### WORK REQUIRED
Give back every record word for word, keeping the pictures out.

-------- TASK DATA

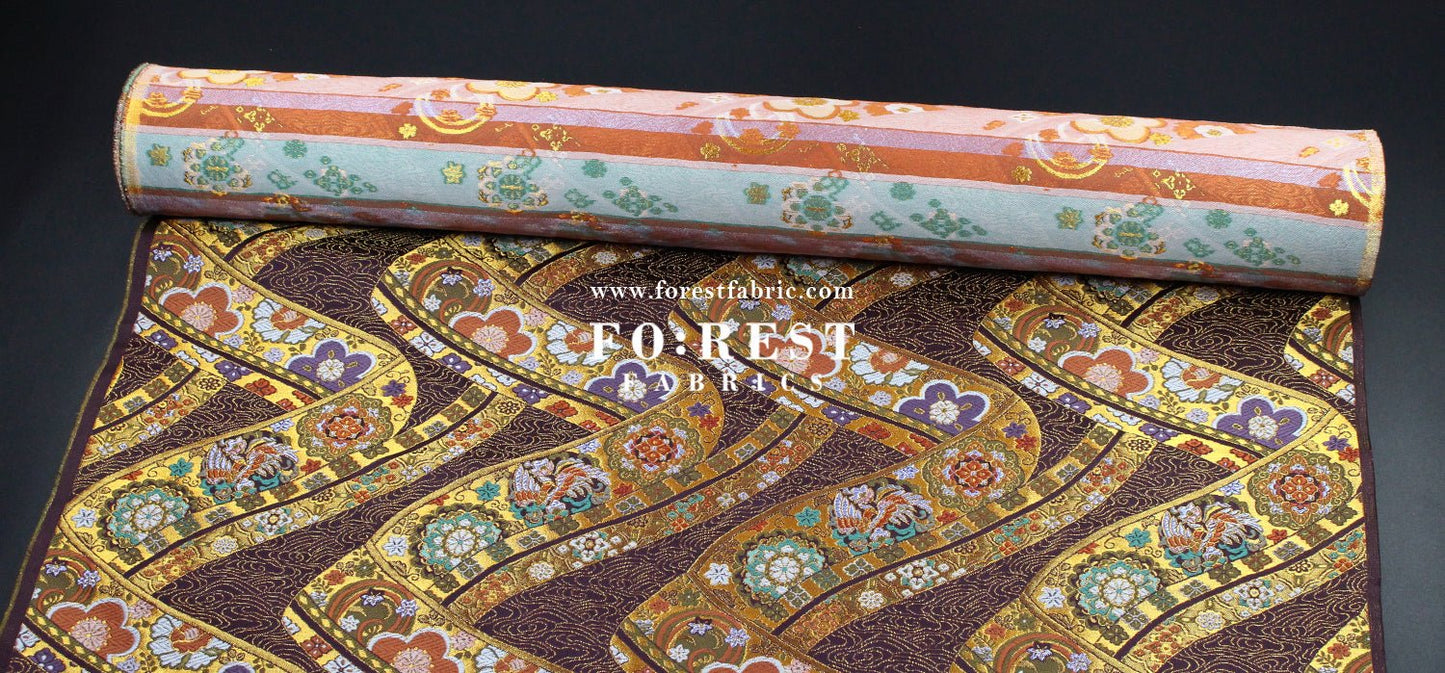 Gold Brocade - Phoenix fabric DarkPurple - FO:REST Fabric 布恩堂Liberty fabrictana lawnjapanese fabricykk zipper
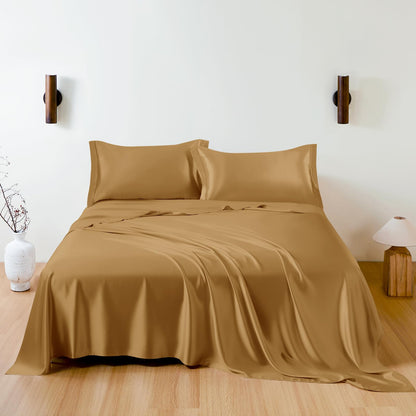 Taihu-Snow Seiden Bettwäsche Set 4-teilig, 100% 19mm Maulbeerseide, Stickerei, Luxus Schlafzimmer Set, Gold-Metallic, King Size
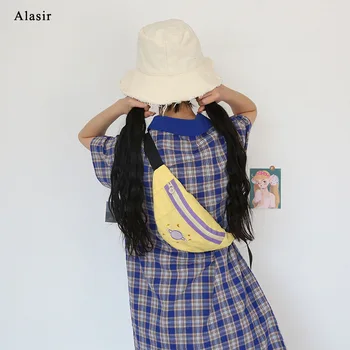 

Alasir Embroidery Fanny Pack for Women Cute Cartoon Chest Bag Lady Casual Embroidery Waist Bag Purple Phone Pouch Purse Girl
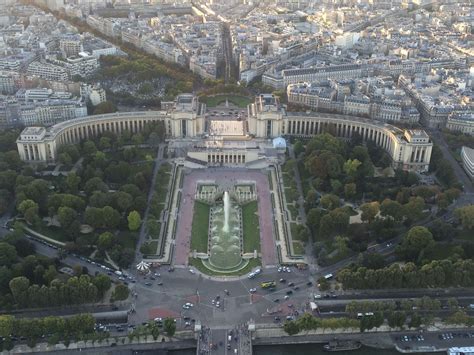 View of Palais de Chaillot & Trocadero Gardens from the Eiffel Tower in ...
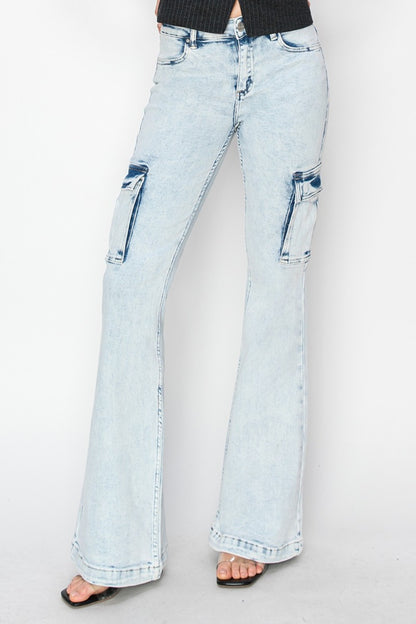 RISEN Full Size High Rise Cargo Flare Jeans Acid Light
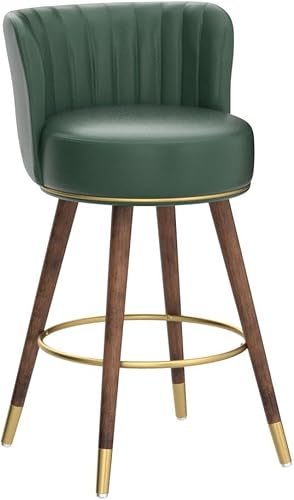 Miniatura 4 de SeekFancy Juego de 2 taburetes de bar de 24 pulgadas, altura de encimera, con respaldo, sillas de bar giratorias 360, patas de madera y reposapiés,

----------------

### EXERCISE RESULT
 Gold Brocade - Phoenix fabric DarkPurple - FO:REST Fabric 布恩堂Liberty fabrictana lawnjapanese fabricykk zipper
 Taihu-Snow Seiden Bettwäsche Set 4-teilig, 100% 19mm Maulbeerseide, Stickerei, Luxus Schlafzimmer Set, Gold-Metallic, King Size

Alasir Embroidery Fanny Pack for Women Cute Cartoon Chest Bag Lady Casual Embroidery Waist Bag Purple Phone Pouch Purse Girl
 View of Palais de Chaillot & Trocadero Gardens from the Eiffel Tower in ...
 RISEN Full Size High Rise Cargo Flare Jeans Acid Light
 Miniatura 4 de SeekFancy Juego de 2 taburetes de bar de 24 pulgadas, altura de encimera, con respaldo, sillas de bar giratorias 360, patas de madera y reposapiés,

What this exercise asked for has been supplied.